#### EXERCISE AIM:
Include in the reply only the lines from the start of the data below through the line containing "Thumbnail for live show", reproduced exactly and with no pictures.

#### DATA EXTRACT:
================

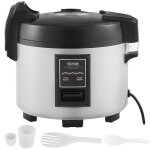 Cuiseur à riz commercial - vevor - auto - cuiseur de riz 45 tasses 9 litres - grand pot intérieur antiadhésif ... Cuiseur à riz commercial - vevor - auto - cuiseur de riz 45 tasses 9 litres - grand pot intérieur antiadhésif ...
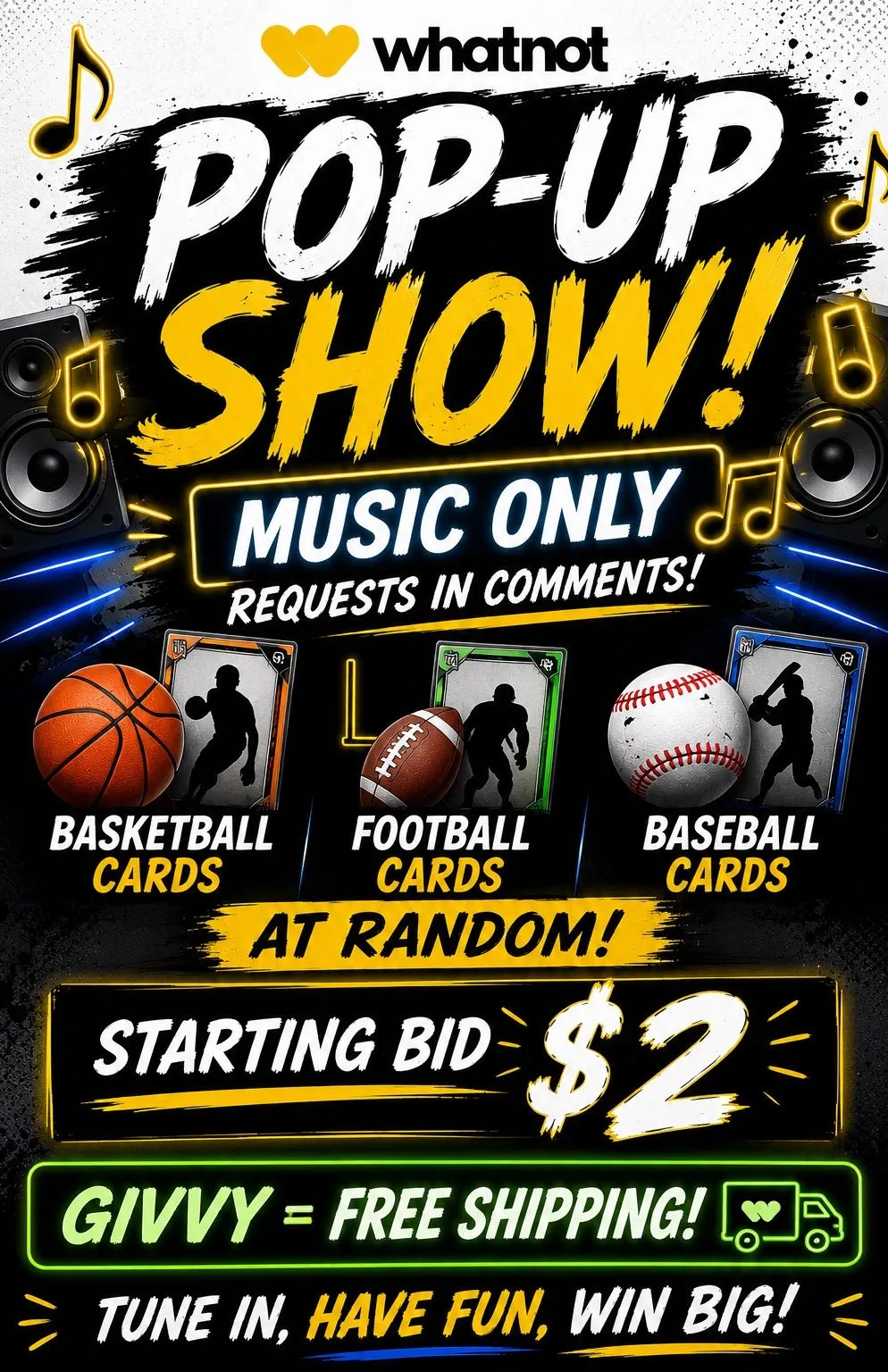 Thumbnail for live show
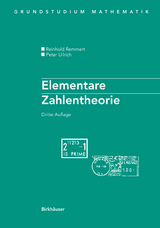 Elementare Zahlentheorie - Remmert, Reinhold; Ullrich, Peter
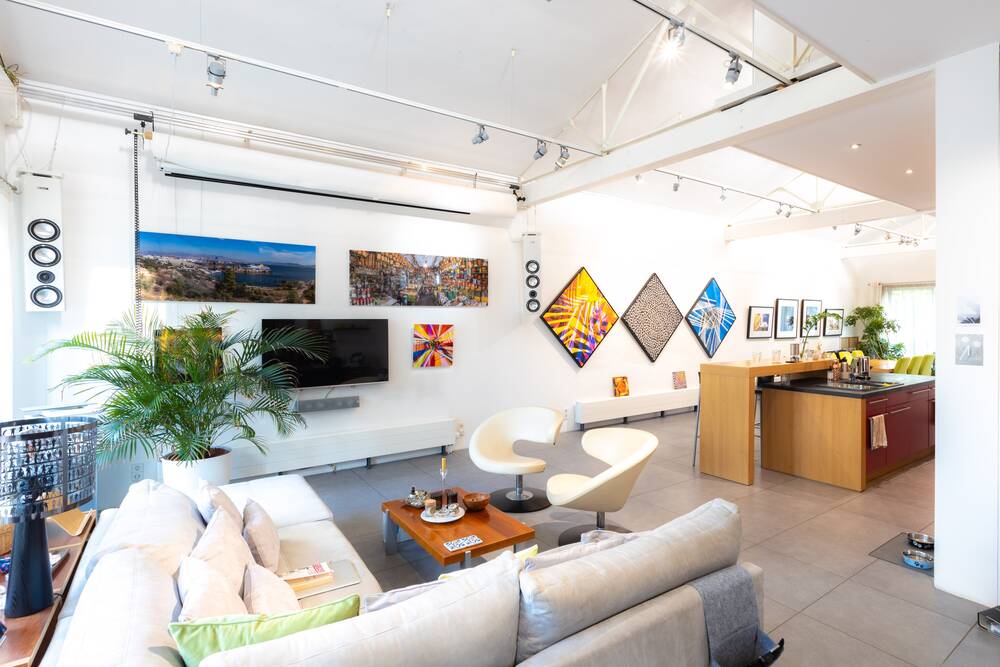 Loft te koop in Vorst 1190 560000.00€ 2 slaapkamers 180.00m² - Zoekertje 561132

================

#### RESULT OF THIS EXERCISE:
 Cuiseur à riz commercial - vevor - auto - cuiseur de riz 45 tasses 9 litres - grand pot intérieur antiadhésif ... Cuiseur à riz commercial - vevor - auto - cuiseur de riz 45 tasses 9 litres - grand pot intérieur antiadhésif ...
 Thumbnail for live show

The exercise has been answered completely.